Amendments to Unfair Competition Law recognise new types of anti-competitive acts
In Korea, the Unfair Competition Prevention and Trade Secret Protection Act may be used to protect IP rights by preventing unfair methods of competition and the misappropriation of trade secrets. Recent amendments to the act have identified additional types of anti-competitive acts and introduced rewards for those who inform the authorities of such anti-competitive behaviour, among other things. The amendments were promulgated on July 30 2013 and will become effective on January 31 2014.

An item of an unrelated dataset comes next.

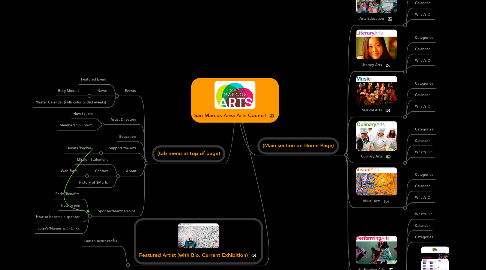 Mind Map: San Marcos Area Arts Council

First, the amendments will introduce a general ‘catch-all’ provision. Article 2(1) of the act defines the types of activities that are considered to be “acts of unfair competition”. Currently, the act lists nine specific activities that may give rise to an unfair competition claim. As a result, other unlawful activities that may be considered as acts of unfair competition, but do not fall within Article 2(1), remain unregulated under the act, despite their negative impact on fair business practices.
The recent amendments have added Article 2(1)(x), which prevents:
“the act of infringing a person’s right to profit from that person’s product, which was the result of considerable effort and investment, without authorisation, through a method that contravenes fair commercial trade practice or the competitive order.”
The aim of this provision is to provide parties with appropriate means to prevent third parties from engaging in new types of unfair competition. All the civil remedies that are usually available under the act, including injunctive relief and damages, are available for this new claim, but it is not possible to bring a criminal action.
Second, monetary incentives will be introduced to encourage the report of anti-competitive acts. The commissioner of the Korean Intellectual Property Office may offer a reward for reporting a party that is causing confusion by using a sign that is identical or similar to another person’s name, trade name, trademark, container or packaging, or any other sign widely known in Korea as a source identifier. This monetary incentive applies only to cases involving registered trademarks.
The new amendments thus recognise the new types of unfair competition that are becoming more prevalent in the marketplace due to the advancement of technology. They also acknowledge that monetary incentives may be needed, in addition to traditional legal remedies, to prevent unfair competition effectively.